(RECORDS SUPPLIED)

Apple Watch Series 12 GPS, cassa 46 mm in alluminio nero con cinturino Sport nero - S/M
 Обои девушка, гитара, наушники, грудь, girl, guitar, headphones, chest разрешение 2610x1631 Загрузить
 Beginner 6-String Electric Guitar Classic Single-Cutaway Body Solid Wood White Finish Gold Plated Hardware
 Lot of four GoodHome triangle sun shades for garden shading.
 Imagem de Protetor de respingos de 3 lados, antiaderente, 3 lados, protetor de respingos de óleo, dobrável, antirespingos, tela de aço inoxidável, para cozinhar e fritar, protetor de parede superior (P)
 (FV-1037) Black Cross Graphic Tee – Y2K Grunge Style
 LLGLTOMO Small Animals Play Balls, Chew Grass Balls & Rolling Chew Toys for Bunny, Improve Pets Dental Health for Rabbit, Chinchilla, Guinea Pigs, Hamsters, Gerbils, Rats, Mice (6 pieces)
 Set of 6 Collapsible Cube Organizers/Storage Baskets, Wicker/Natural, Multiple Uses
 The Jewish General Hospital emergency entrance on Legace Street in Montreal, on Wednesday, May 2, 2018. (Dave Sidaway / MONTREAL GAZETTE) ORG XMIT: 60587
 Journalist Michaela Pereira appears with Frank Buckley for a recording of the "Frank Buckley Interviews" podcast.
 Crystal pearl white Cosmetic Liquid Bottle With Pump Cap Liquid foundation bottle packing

(End RECORDS SUPPLIED)

WHAT THE EXERCISE ASKS
Retype the data in full, precisely as given.

EXERCISE RESPONSE
Apple Watch Series 12 GPS, cassa 46 mm in alluminio nero con cinturino Sport nero - S/M
 Обои девушка, гитара, наушники, грудь, girl, guitar, headphones, chest разрешение 2610x1631 Загрузить
 Beginner 6-String Electric Guitar Classic Single-Cutaway Body Solid Wood White Finish Gold Plated Hardware
 Lot of four GoodHome triangle sun shades for garden shading.
 Imagem de Protetor de respingos de 3 lados, antiaderente, 3 lados, protetor de respingos de óleo, dobrável, antirespingos, tela de aço inoxidável, para cozinhar e fritar, protetor de parede superior (P)
 (FV-1037) Black Cross Graphic Tee – Y2K Grunge Style
 LLGLTOMO Small Animals Play Balls, Chew Grass Balls & Rolling Chew Toys for Bunny, Improve Pets Dental Health for Rabbit, Chinchilla, Guinea Pigs, Hamsters, Gerbils, Rats, Mice (6 pieces)
 Set of 6 Collapsible Cube Organizers/Storage Baskets, Wicker/Natural, Multiple Uses
 The Jewish General Hospital emergency entrance on Legace Street in Montreal, on Wednesday, May 2, 2018. (Dave Sidaway / MONTREAL GAZETTE) ORG XMIT: 60587
 Journalist Michaela Pereira appears with Frank Buckley for a recording of the "Frank Buckley Interviews" podcast.
 Crystal pearl white Cosmetic Liquid Bottle With Pump Cap Liquid foundation bottle packing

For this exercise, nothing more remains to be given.